昼は丸、夜は菊池 広島・鈴木誠也が“師匠”を使い分ける理由
「今年はレギュラーを取ります。阪神とのCSで、野村(前)監督に最後まで使ってもらった。あそこは正直、『ああ代打だな』と思いましたから」
こう話す広島3年目の鈴木誠也(20)は昨季、36試合に出場。打率.344をマークした。阪神とのCSファーストステージ第2戦に「7番・右翼」で先発出場。0―0の七回1死満塁の好機で打順が回ってきた。本人も「代打か」と思ったこの場面、野村前監督はそのまま鈴木誠を打席に送ったが、結果は三ゴロ。チームは零敗しシーズンが終了。試合後、ベンチで涙する姿があった。
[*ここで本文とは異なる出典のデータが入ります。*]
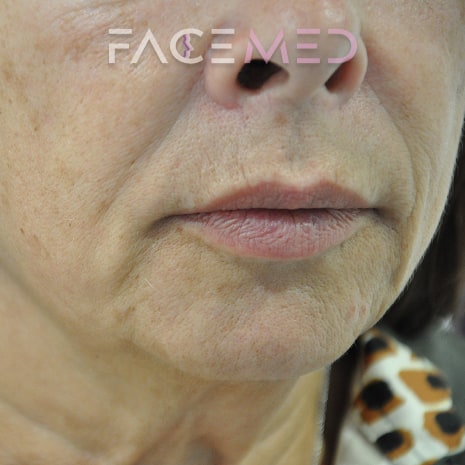 HA dermal filler + muscle relaxant lower face_12_post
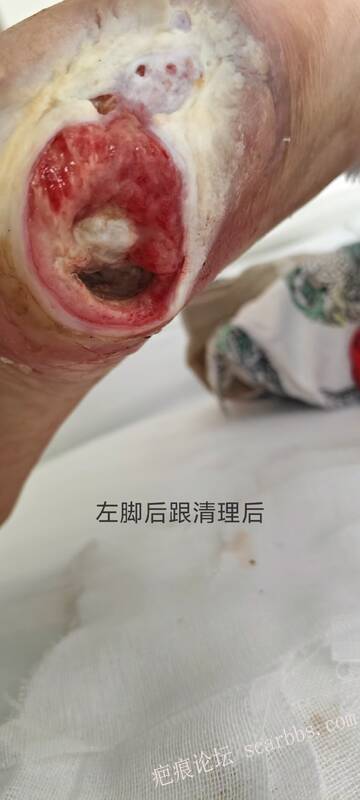 2025年李高令接治2023年低温烫伤的老人（青岛） 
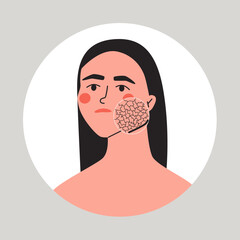 Young woman with dry facial skin. Zoom circle showing problem with skin. Skin care and rejuvenation concept. Flat vector illustration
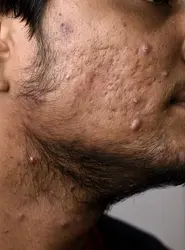 Cicatrices laissées par l’acné - crédits : Science Photo Library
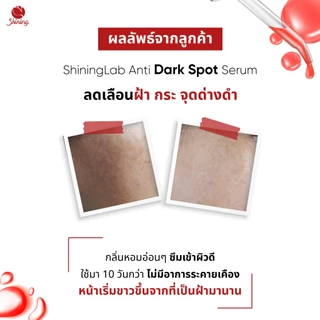 เซรั่มลดฝ้า กระ จุดด่างดำ ผิวหมองคล้ำ Shininglab Anti Dark Spot 15ml ร้านเจ้าของแบรนด์ Shining (ของแท้ 100%)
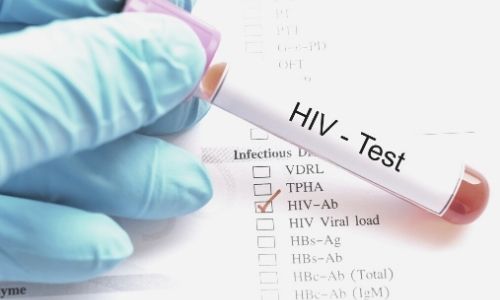 What Medical Evidence Is Needed To Qualify for SSDI for HIV/AIDs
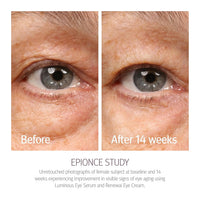 Epionce Renewal Eye Cream - Anti-Aging, Under Eye Cream for Dark Circles, Fine Lines, Wrinkles & Puffiness with Hyaluronic Acid, For All Skin Types, Dermatologist Skincare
「悔しかった。野村監督に恩を返さないといけない。今年はやれよと言われているんです」
高卒2年目の昨季は、手応えをつかみつつ、実力を思い知った年でもあった。現在、外野の一角をドラフト1位ルーキーの野間らと激しく争う。永田利則一軍総合コーチがこう言う。
「振る力が強いから長打力がある。期待を込めて言うと、誠也は去年の山田(ヤクルト)のようになるだけの『モノ』を持っています」
涙したCS敗退から「何が長所で何が足りないか」を自問自答したという。